Style of dance in Japan's Yaeyama Islands

Angama (アンガマ) or angama odori (angama dance) is a style of dancing that is performed in many communities of Japan's Yaeyama Islands during the Bon Festival, which is known as sōrin (< shōryō (精霊)) in Yaeyama. A related performance is known as mushāma in Hateruma. In Kohama Island, the northern community performs a dance named jiruku while the southern community performs Minma buduri.

==Etymology==
There is no consensus on the etymology of angama. One theory decomposes angama into *an (possibly meaning mother) and *gama (possibly a diminutive suffix). Another theory relates angama to "elder sister" (angwā in Okinawan). Some argue that it might mean "disguise of a mask".

==Nenbutsu practice==
Angama shares its mainland Japanese origin with Okinawa's Eisā. The songs to which people dance are called nenbutsu songs. According to the genealogy of the San'yō lineage, nenbutsu practice was brought from Ryūkyū in 1657 when Yaeyama's samurai leader Miyara Chōjū traveled to Okinawa to pay tribute. It is known from other sources that by that time nenbutsu practice had spread to the capital Shuri–Naha region of Okinawa Island. There were at least two traditions of nenbutsu practice. One was started in the 1600s by Taichū (1552–1639), a Jōdo sect monk from Mutsu Province, and was carried on by his followers in Kakinohana, Naha. The other was performed by the Chondarā, a Shuri-based group of puppeteers, who also had mainland Japanese roots. Folklorist Shinjō Toshio argued that what Miyara Chōjū learned must have been Taichū's one.
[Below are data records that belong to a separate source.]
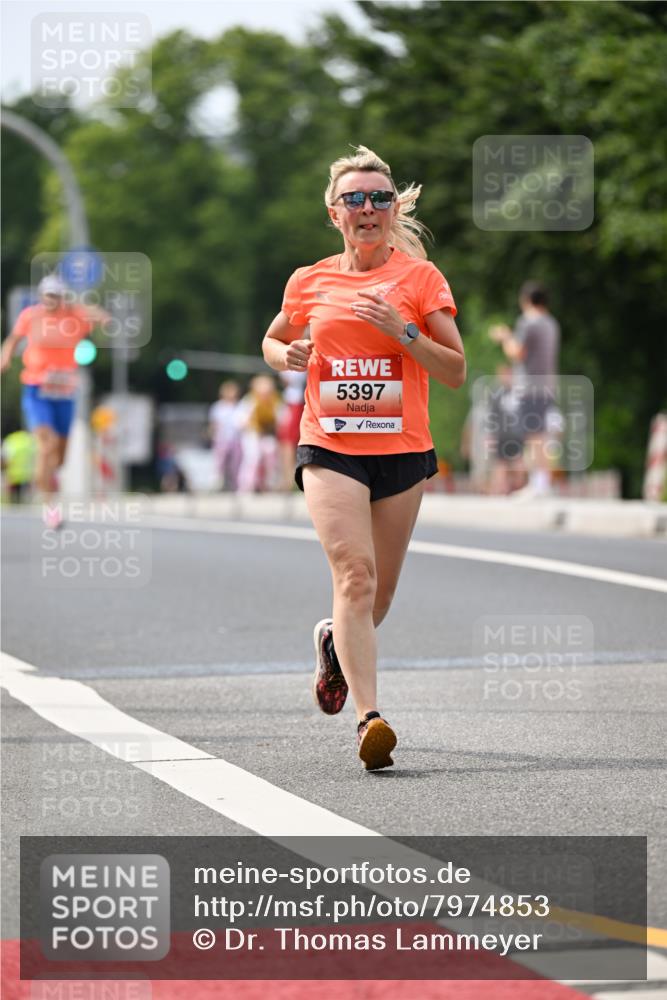 15.06.2025 - REWE Women's Run Dr. Thomas Lammeyer http://msf.ph/oto/7974853 15.06.2025 10:40:16 Laufen 5397 meine-sportfotos.de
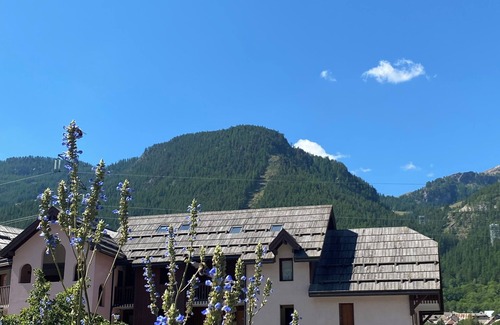 La Salle-les-Alpes Apartamento | Pretty T2 for 4 people. Beautiful view. La Salle les Alpes. Residence L'Alpaga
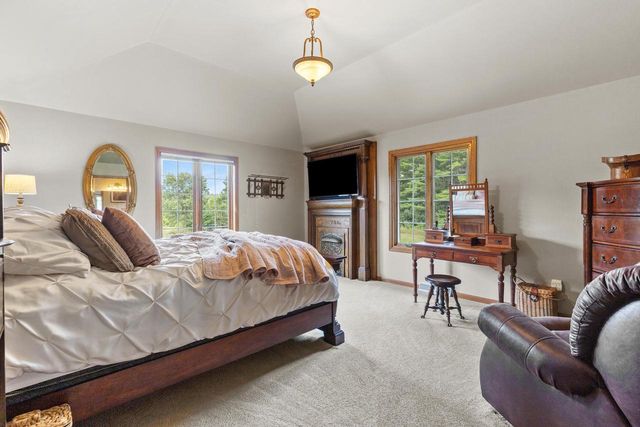 S91W31504 Grace TRAIL, Mukwonago, WI 53149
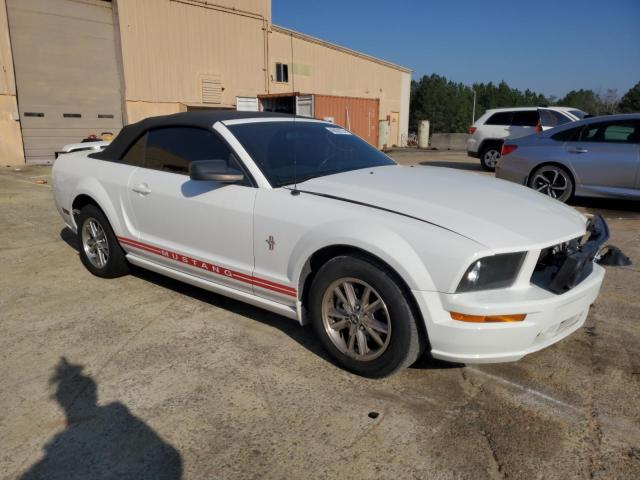 1ZVFT84N855253936 - 2005 FORD MUSTANG WHITE photo 4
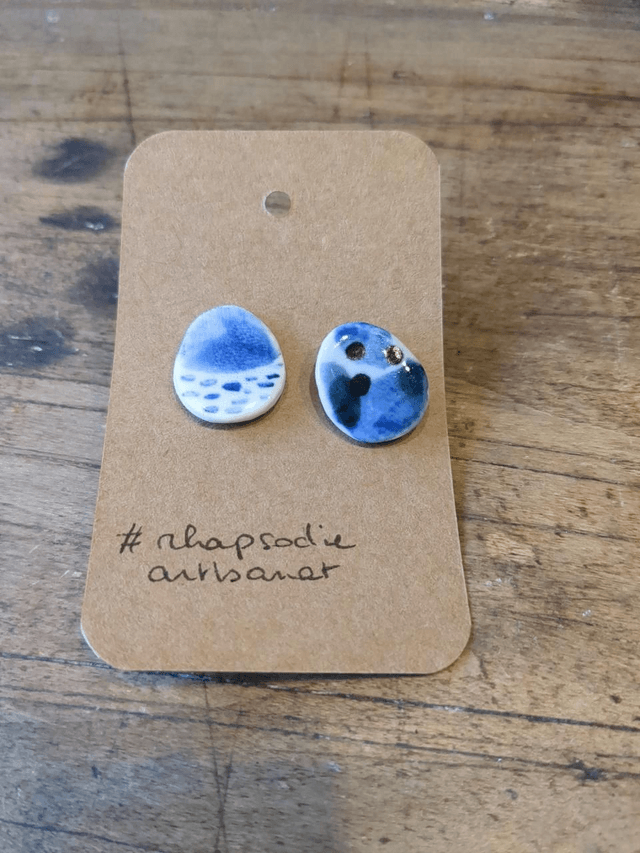 Boucles d'oreilles  dépareillées 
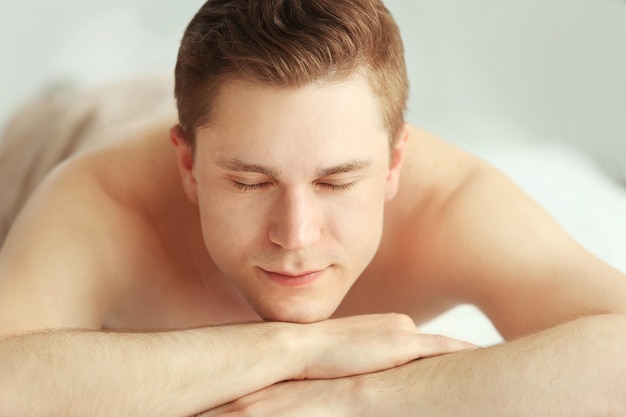 Homem relaxando em salão de spa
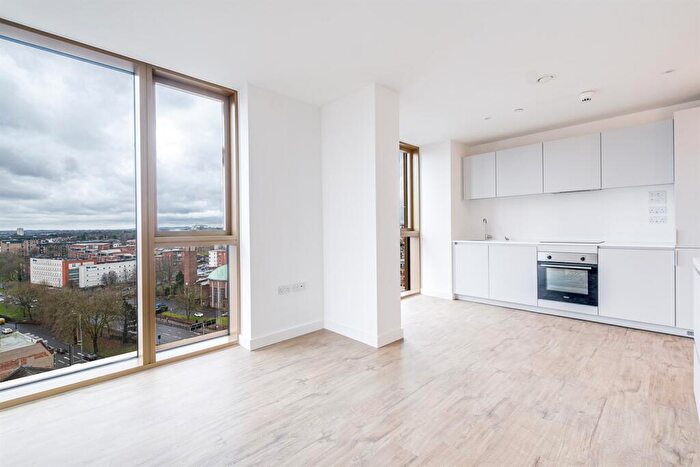 2 Bedroom Apartment To Rent In South Central, B5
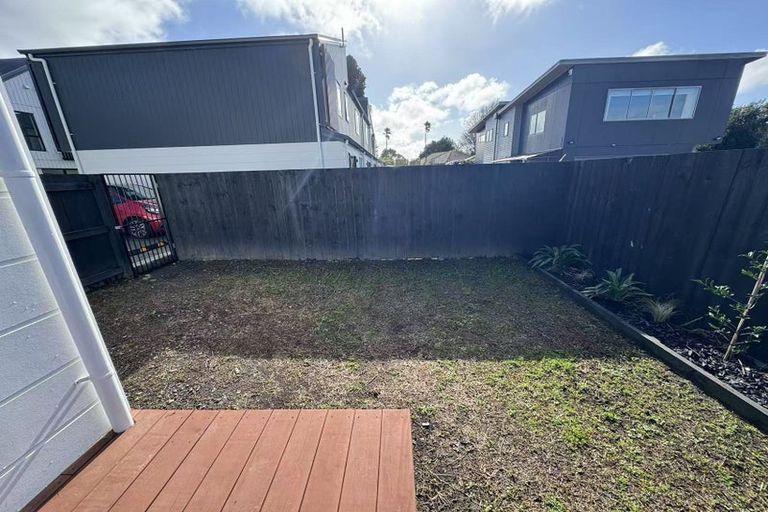 Photo of property in 7/25 Taikata Road, Te Atatu Peninsula, Auckland, 0610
Sakai Masako, a researcher on folk music, questioned Shinjō's theory. Pointing out that Yaeyama has a larger repository of nenbutsu songs than Okinawa, she presumed multiple origins of nenbutsu songs. It was considered taboo to sing nenbutsu songs out of season.

==Performances==
According to the local historian Kishaba Eijun, angama traditions can be divided into two groups: one is performed by the four samurai communities of Ishigaki Island and the other is of commoners in rural communities and remote islands. He argued that the latter had better preserved its traditional way. In the samurai communities of Ishigaki, a group of people with drums (taiko) and sanshin parades around houses of each village. They enter a house that is surrounded by a larger number of spectators. Once everyone sits, Uya nu Ugun (親の御恩, or Nzō Nenbutsu 無蔵念仏) was sung to mark the beginning, and dancers clap with the beat. Dances and songs alternate with question and answer, in which two masked character Ushumai (old man) and Nmi (old woman) represent ancestral spirits and answer in a humorous way to questions about the afterlife asked by villagers. Kishaba noted that what distinguished samurai's angama from the rural one was that the former was an indoor performance.

In rural communities, angama dances are performed in the garden. A group of people forms a circle. In the center people sing and play drums, flutes, gongs and sanshin, depending on regional variants, and they are surrounded by male and female dancers. "Shichigwachi Nenbutsu" (七月念仏), "KōKō Nenbutsu" (孝行念仏) and "Chonjon Nenbutsu" (仲順念仏) were mainly sung.